Lignin, a three-dimensional natural polymer, is one of the main constituents in lignocellulosic biomass, and could be an important renewable feedstock for aromatic chemicals (Calvo-Flores and Dobado 2010). Every year in the pulp and paper industry a large amount of pulping spent liquor, known in the industry as black liquor, is produced, which is the main source of kraft lignin, yet only a small fraction of lignin is converted to value-added products (Meier et al. 1993). Recently the conversion of lignin to value-added products, including lignin nanoparticles (Dai et al. 2019a; Ma et al. 2019), bio-oil (Mondal et al. 2020), and lignin-based hydrogel (Dai et al. 2019b) has received much attention in the research community.

Lignin liquification to produce chemicals and fuels is a subject of high importance for research proposing to develop future renewable supplies. Pyrolysis of lignin using zeolites as a catalyst (Kim et al. 2015, 2018) is one of the most promising methods for production of aromatic hydrocarbon such as benzene, toluene, xylene, and phenols (Li et al. 2015). When the zeolite catalyst converts lignin to products, coke deposits on the zeolite surface, which blocks the pores and covers the active sites of zeolites, consequently leading to deactivation (Marcilla et al. 2007; Hopkins et al. 2015). Due to the high price and large amounts of the zeolite catalyst required for use in industry, it is essential to recycle the catalyst and reuse it in a continuously operating plant (Ali et al. 2002). One of the most desirable alternatives is their regeneration to recover the lost catalytic activity (Kassargy et al. 2019). The regeneration process of zeolite catalyst depends on the process parameters, such as regeneration temperature, pressure, heating rate, heating time, and regeneration media (Jong et al. 1998; Ivanov et al. 2003; Thompson et al. 2005; Tsai 2006; Benamar et al. 2009; Khangkham et al. 2013).

Ma and Bokhoven (2012) regenerated the catalyst using a calcination process and found that during regeneration the heating rate is an important factor to maintain an intact catalyst structure. Fast heating rates can damage the structure of the zeolite (Ma et al. 2018). Marcilla et al. (2007) investigated different calcination temperatures during regeneration of HZSM5 and HUSY zeolites and found that calcination temperature is an important parameter during regeneration, and it depends on the thermal stability of zeolite structure (Marcilla et al. 2007). Moreover, Gerzeliev et al. (2018) observed no degradation of the zeolite structure by regeneration in hydrogen medium. They used zeolite Y in the PdCaLaH form and the regeneration process was carried out in hydrogen medium with a specific condition (320 °C temperature and 1.2 MPa pressure) and found that mild hydrocracking of hydrocarbon deposits on the catalyst surface occurs during the course of catalyst regeneration in a hydrogen stream. Although Wang et al. (2017) reported that no framework change or damage of the zeolite was caused by the regeneration process, the active acid site decreased when increasing the regeneration cycles (Wang et al. 2017). They studied the calcination process in the presence of oxygen to remove the deposited coke on theZSM-5 zeolite.

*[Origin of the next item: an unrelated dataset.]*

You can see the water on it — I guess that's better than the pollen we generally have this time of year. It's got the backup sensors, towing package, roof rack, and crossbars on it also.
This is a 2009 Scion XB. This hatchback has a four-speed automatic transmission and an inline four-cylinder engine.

Ben and Ragauskas (2012) investigated the pyrolysis of lignin in the presence of various types of zeolites and observed that FAU (Y) and BEA (B) zeolites decomposed methoxyl-aromatic and ether bonds. The MFI (Z), FER (F), and MOR (M) zeolites decomposed the carboxyl groups in the lignin structure, resulting in the production of gasoline range molecular weight oil and low acidic bio oil (Ben and Ragauskas 2012). Aho et al. (2008) investigated the pyrolysis of pine using the proton form of different zeolite catalysts, such as beta, Y, ZSM-5, and mordenite as a bed material and found that similar distribution of different groups of chemicals (aldehydes, acids, alcohols, ketones, and phenols) in pyrolysis oil and mordenite formed little quantities of polyaromatic hydrocarbons (PAH) (Aho et al. 2008).

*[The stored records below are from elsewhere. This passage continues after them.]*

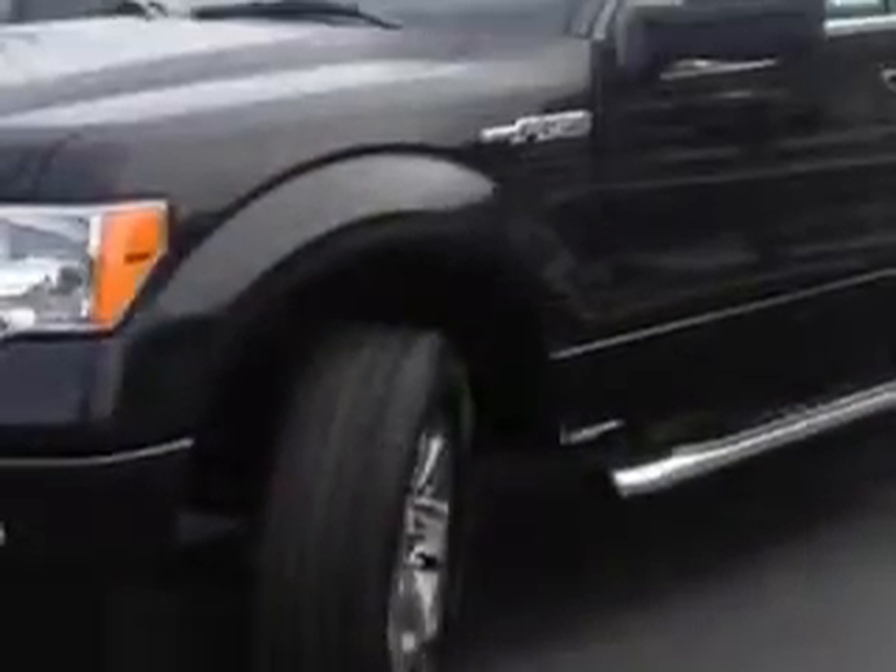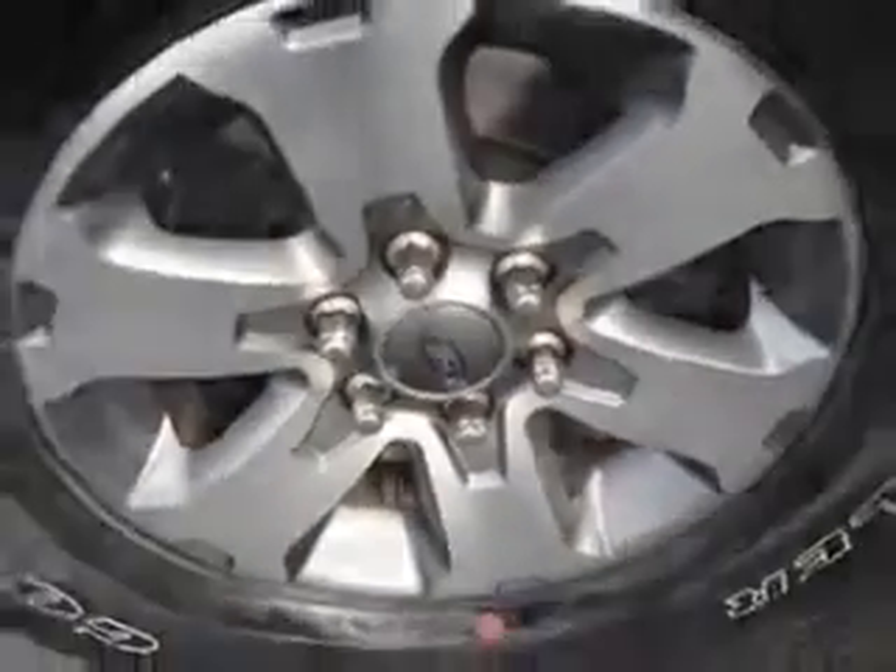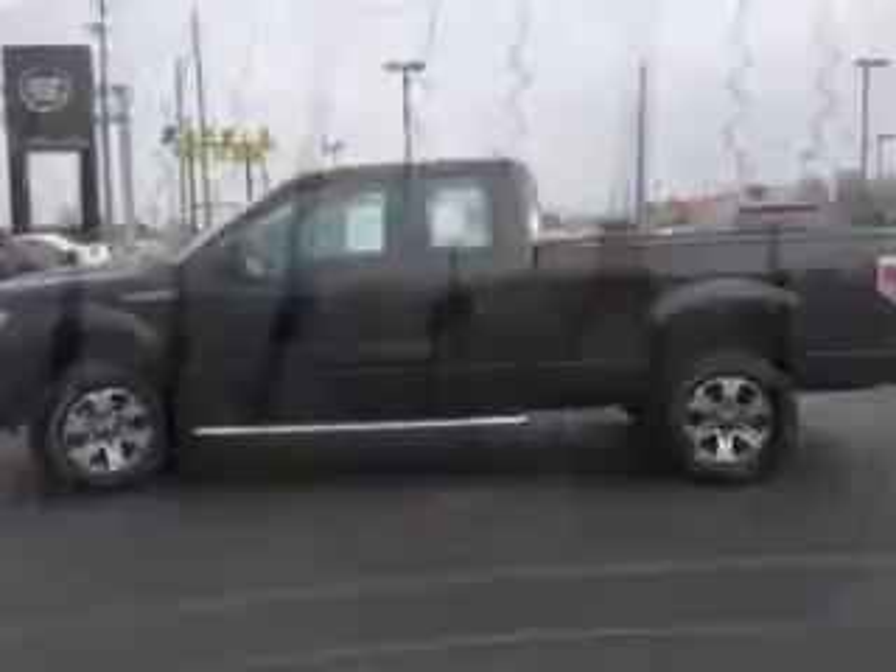Cadillac of Fayetteville knows you want more in a car. You have a purpose for your vehicle. You will love this black 2012 Ford F-150 Super Cab Pickup 4x4 STX, equipped with an 8-cylinder engine and an automatic transmission.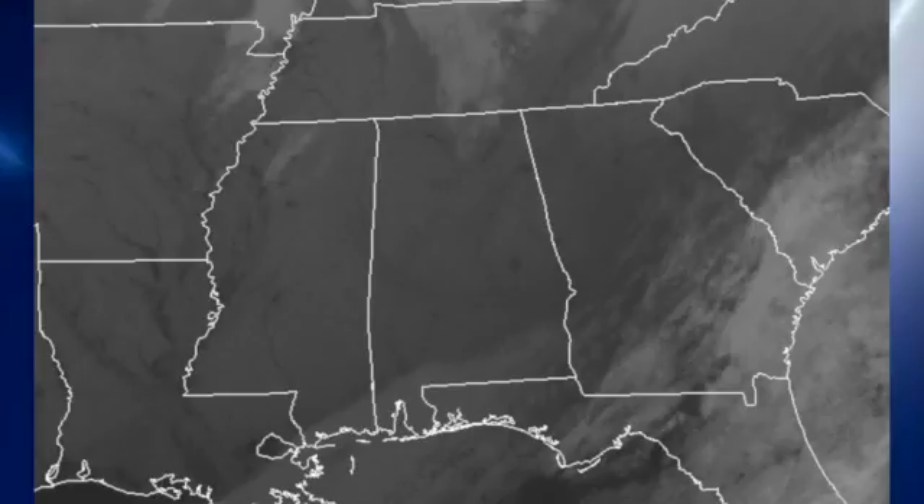There's a look at our infrared satellite image. We do have some clouds across the southern row of counties in Alabama, and we do have a few clouds in the northeast quadrant. It looks like it'll be a mostly sunny day for most sections of the state, but we may see some clouds as the upper trough bottoms out around midday and into the afternoon.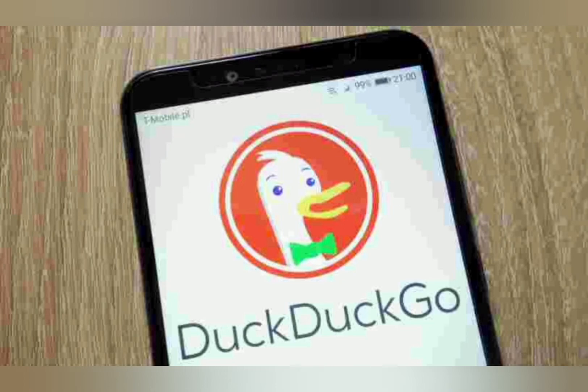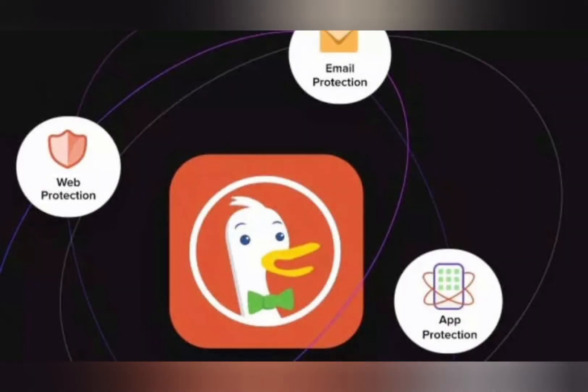DuckDuckGo reports that running the beta program for a year revealed that over 85% of all emails in testers' communications contain trackers.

The FAU-type zeolite has three-dimensional porosity, 12-membered ring windows with a larger pore diameter (7.4Å), leads with a larger cavity of diameter (12Å), and 1.5 to 2.5 range of Si to Al molar ratio (Algieri et al. 2009; Dhainaut et al. 2013). Each cavity is surrounded by ten sodalite cages. The pseudo-linear channels of FAU zeolites help to diffuse bulk hydrocarbons and their super cages act as a nano reactor for cracking the hydrocarbons. As a result, they are used for catalytic cracking to convert heavy petroleum crude oils to high value-added products (García-Martínez et al. 2012). In contrast, mordenite (MOR) is one of the most industrially important (Vermeiren and Gilson 2009; Martínez and Corma 2011) zeolites because it is active and shape-selective in many refining and petrochemical catalytic processes (Sie et al. 1996; Maxwell and Stork 2001). This is especially attractive on a structural point of view, since it contains two essentially different channels: 1) large 12-membered rings main channels, with an elliptical shape of 6.7 × 7.0 Å running along the c crystallographic axis; and 2) small 8-membered rings channels, considered side pockets are connected with dimensions of 2.6 × 5.7Å (Katada et al. 2000; Baerlocher et al. 2007). Hydrothermally, MOR is stable (Wright and Pearce 2010). Table 1 indicates the detailed description about Y and M zeolites. The combination of FAU and MOR (the combined ‘Y + M’ sample) maintained the individual characteristics. No studies have been reported yet to show the catalytic effects of different regeneration times using the combined zeolites and their effect on pyrolysis of lignin. In previous studies, (Huang et al. 2014) combined ‘Y + M’, individual Y and M zeolites were used to catalyze the lignin pyrolysis and the results showed that the combined ‘Y + M’ sample had a catalytic performance that was in between the individual Y and M zeolites.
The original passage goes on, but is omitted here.